Records from a collection:
──────────────────────────────

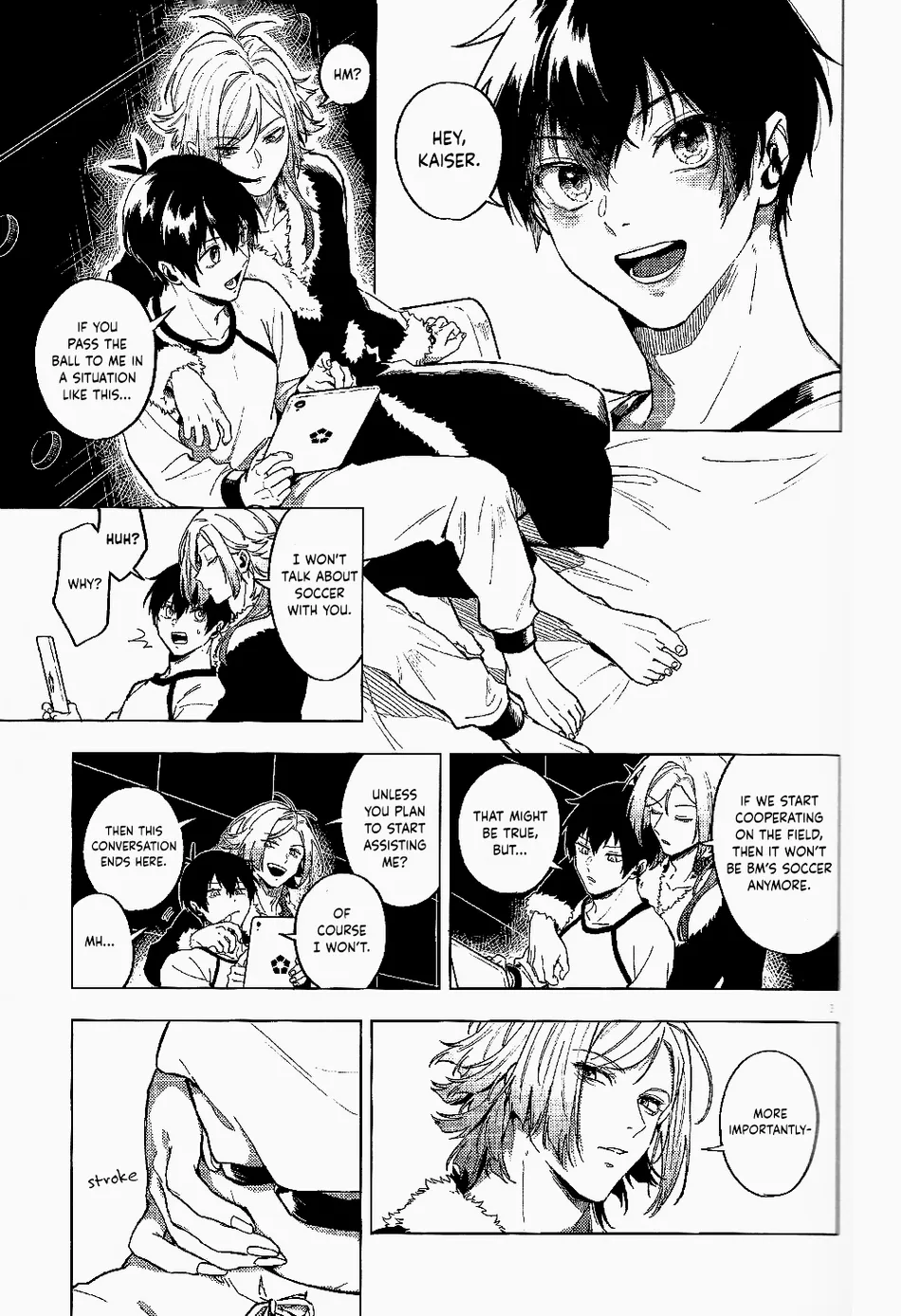 [Taisho Democracy (Chiho)] A man with needs – Blue Lock dj [Eng] — 002
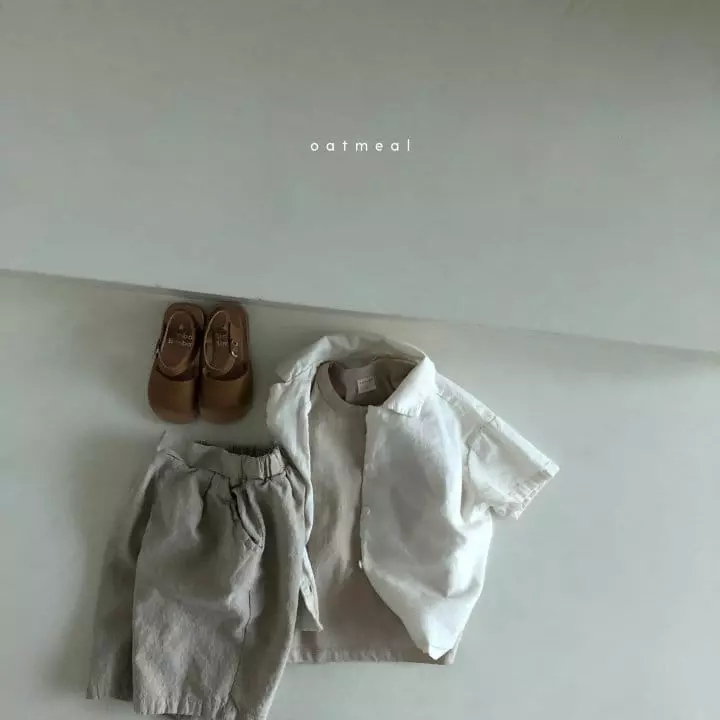 Oatmeal - Korean Children Fashion - #kidzfashiontrend - Gored Shirt - 11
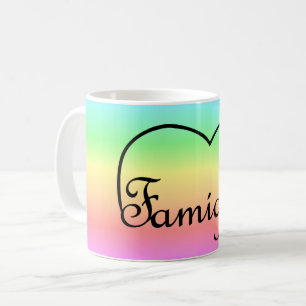 Famiglia Italian Family heart rainbow Coffee Mug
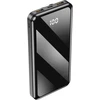 Forever išorinė baterija TB-411 ALLin1 10000 mAh su laidais USB-C + Lightning + microUSB juoda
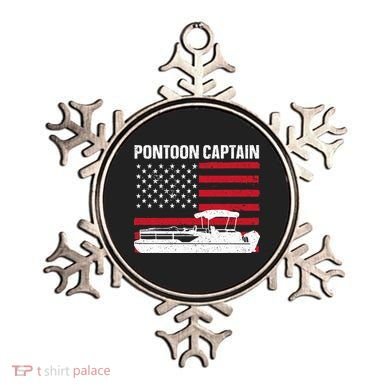 Cool Pontoon Captain Art Pontoon Boat Captain Ornament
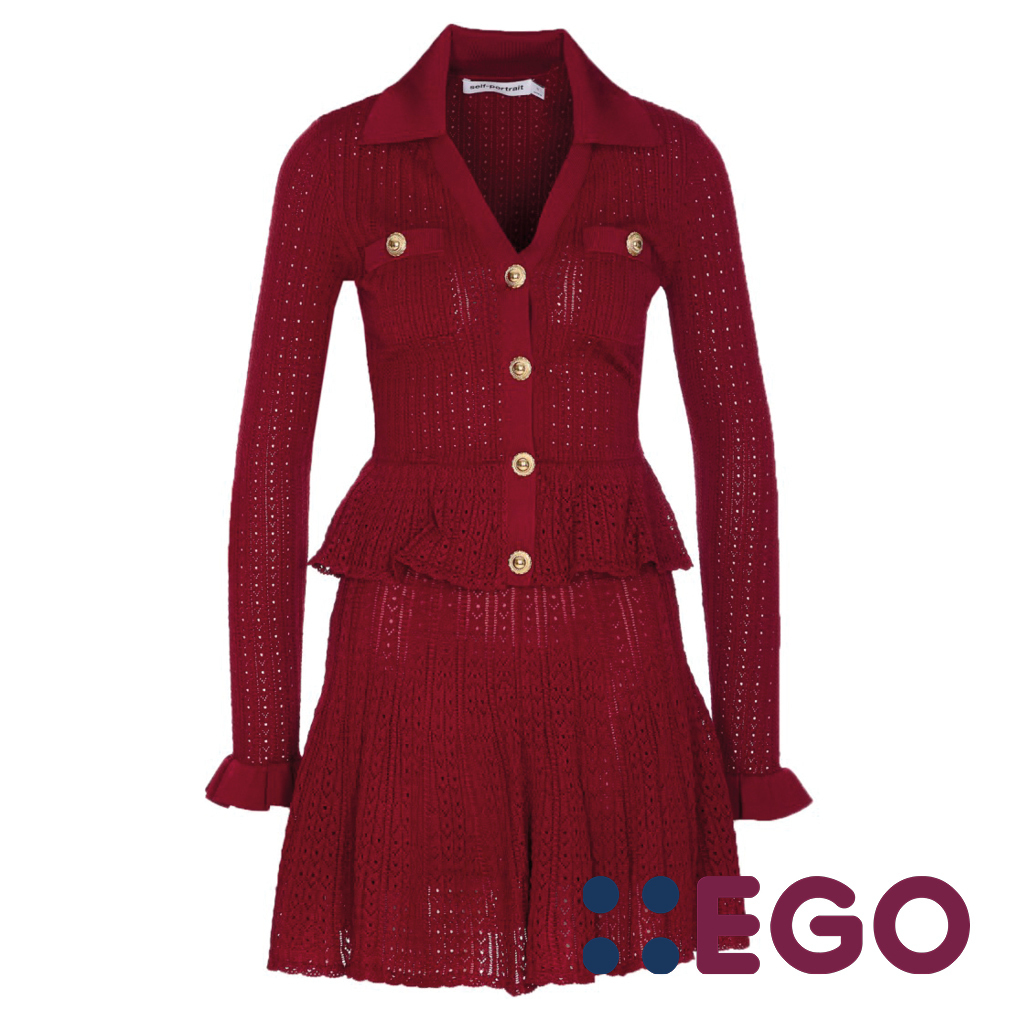 ワンピース KNIT MINI DRESS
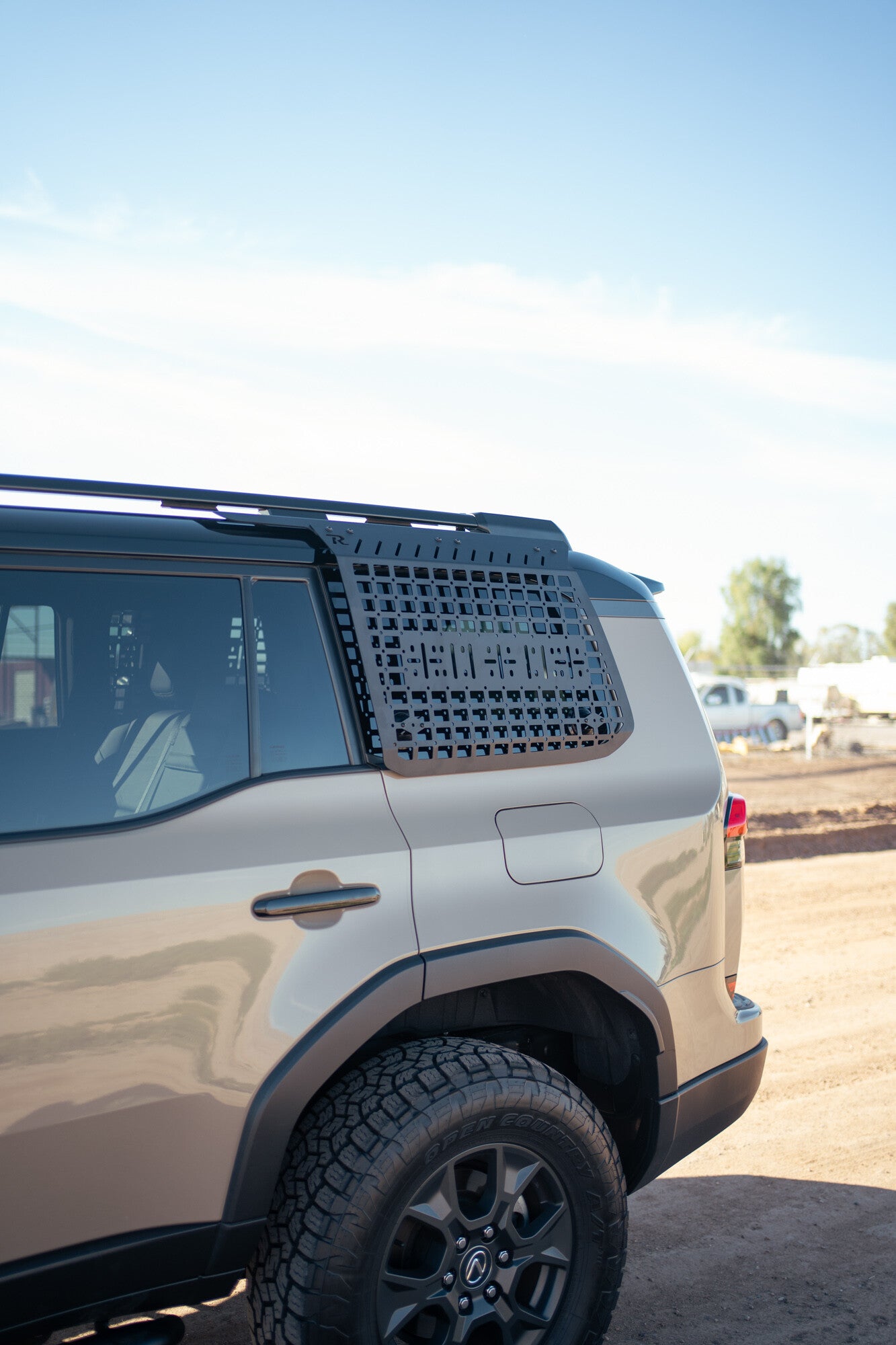 2024+ Toyota Land Cruiser/Lexus GX 550 External Molle Storage Panels for Factory Roof Rails Driver Side Rago Fabrication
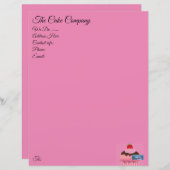 Papier Roze (Cupcake) RFPMDesigns ©️2024 (Voorkant / Achterkant)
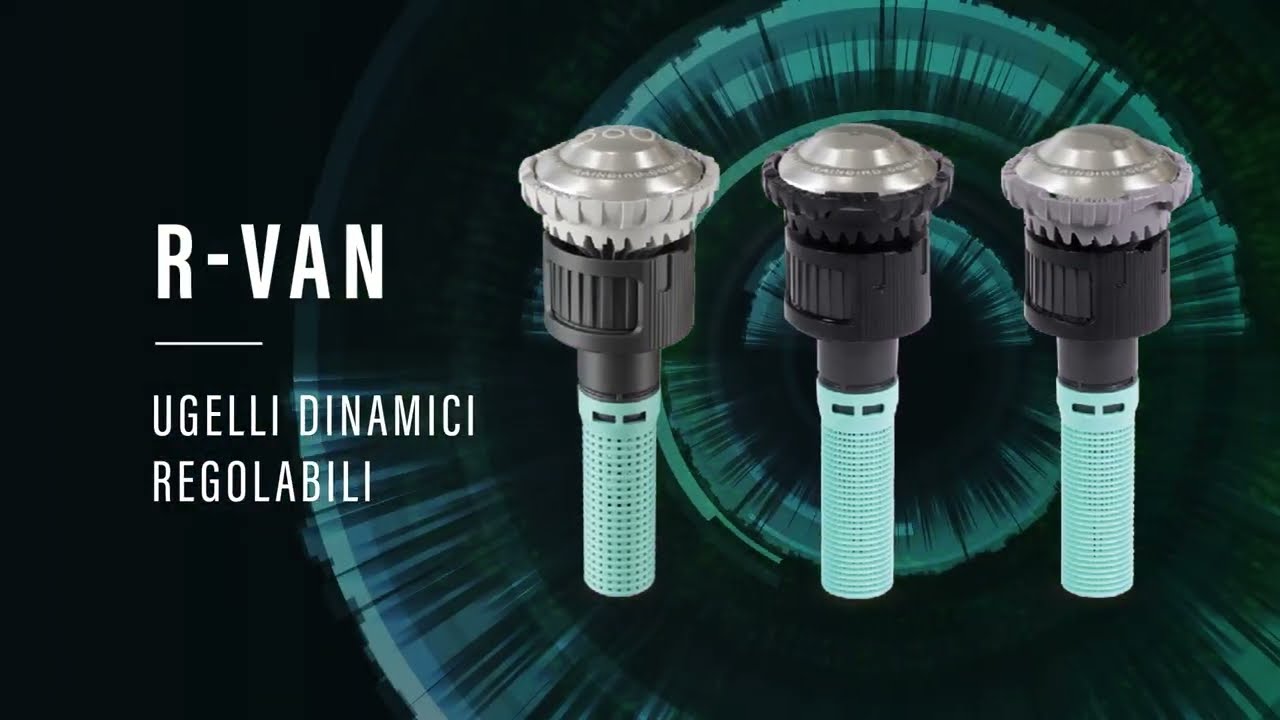 Rain-Bird R-Van 360 Degree - Full Circle - Rotary Nozzle 13-18 ft | R-VAN18-360 (3pcs in a Bag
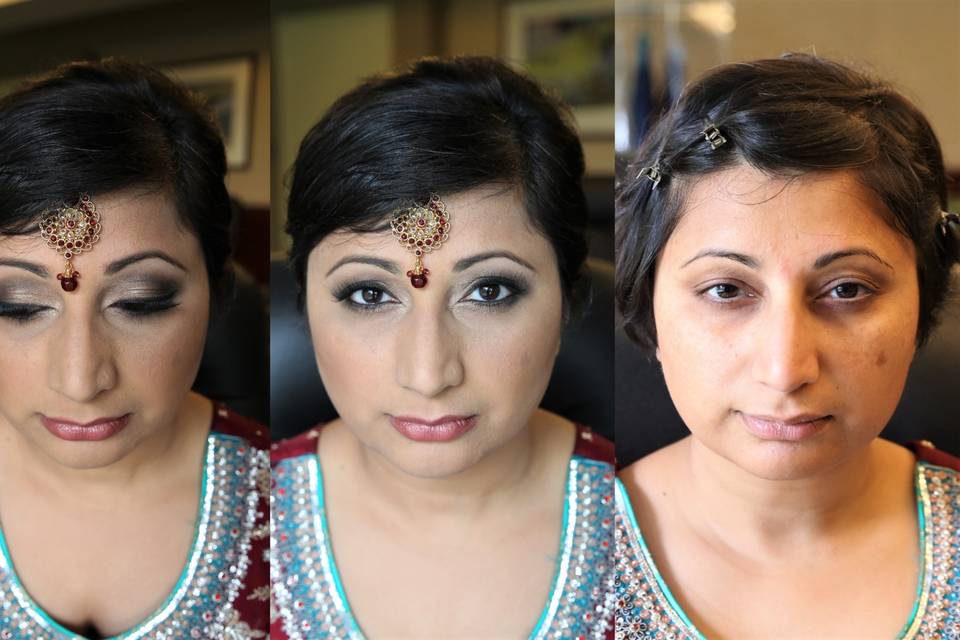 Indinan Hindu Bridal Makeup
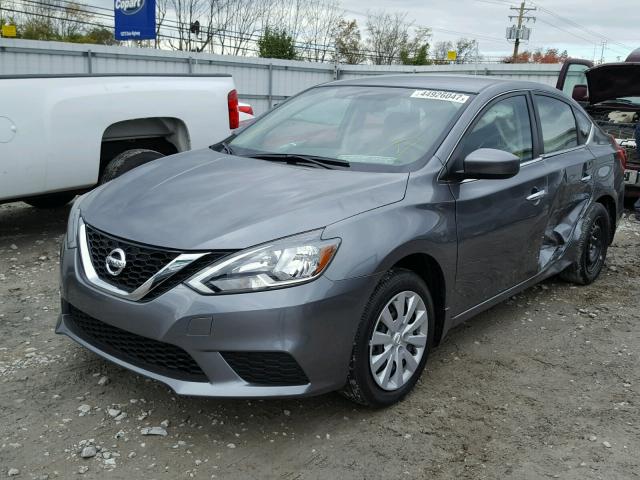 3N1AB7AP5HY328070 - 2017 NISSAN SENTRA S GRAY photo 2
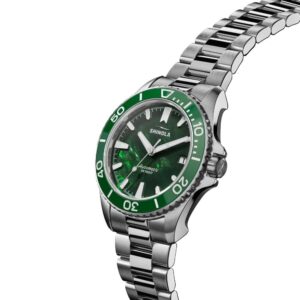 Shinola Detroit 39mm Green Mother of Pearl Automatic Monster Dive Watch
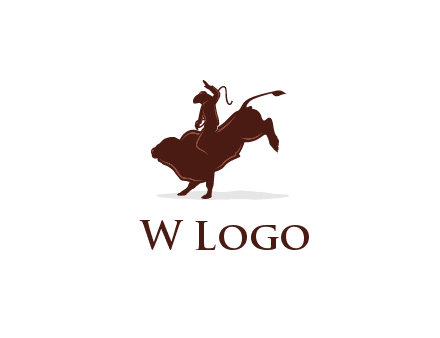 bull rider logo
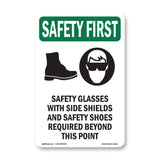 Safety Glasses With Side Shields With Symbol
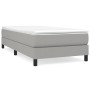 Estructura de cama de tela gris claro 100x200 cm de vidaXL, Camas y somieres - Ref: Foro24-3120492, Precio: 82,56 €, Descuent...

──────────────────────────────

PROBLEM DETAILS:
Without the pictures, restate all of the entries word for word.

FINISHED EXERCISE:
 [Taisho Democracy (Chiho)] A man with needs – Blue Lock dj [Eng] — 002
 Oatmeal - Korean Children Fashion - #kidzfashiontrend - Gored Shirt - 11
 Famiglia Italian Family heart rainbow Coffee Mug
 Forever išorinė baterija TB-411 ALLin1 10000 mAh su laidais USB-C + Lightning + microUSB juoda
 Cool Pontoon Captain Art Pontoon Boat Captain Ornament
 ワンピース KNIT MINI DRESS
 2024+ Toyota Land Cruiser/Lexus GX 550 External Molle Storage Panels for Factory Roof Rails Driver Side Rago Fabrication
 Papier Roze (Cupcake) RFPMDesigns ©️2024 (Voorkant / Achterkant)
 Rain-Bird R-Van 360 Degree - Full Circle - Rotary Nozzle 13-18 ft | R-VAN18-360 (3pcs in a Bag
 Indinan Hindu Bridal Makeup
 3N1AB7AP5HY328070 - 2017 NISSAN SENTRA S GRAY photo 2
 Shinola Detroit 39mm Green Mother of Pearl Automatic Monster Dive Watch
 bull rider logo
 Safety Glasses With Side Shields With Symbol
 Estructura de cama de tela gris claro 100x200 cm de vidaXL, Camas y somieres - Ref: Foro24-3120492, Precio: 82,56 €, Descuent...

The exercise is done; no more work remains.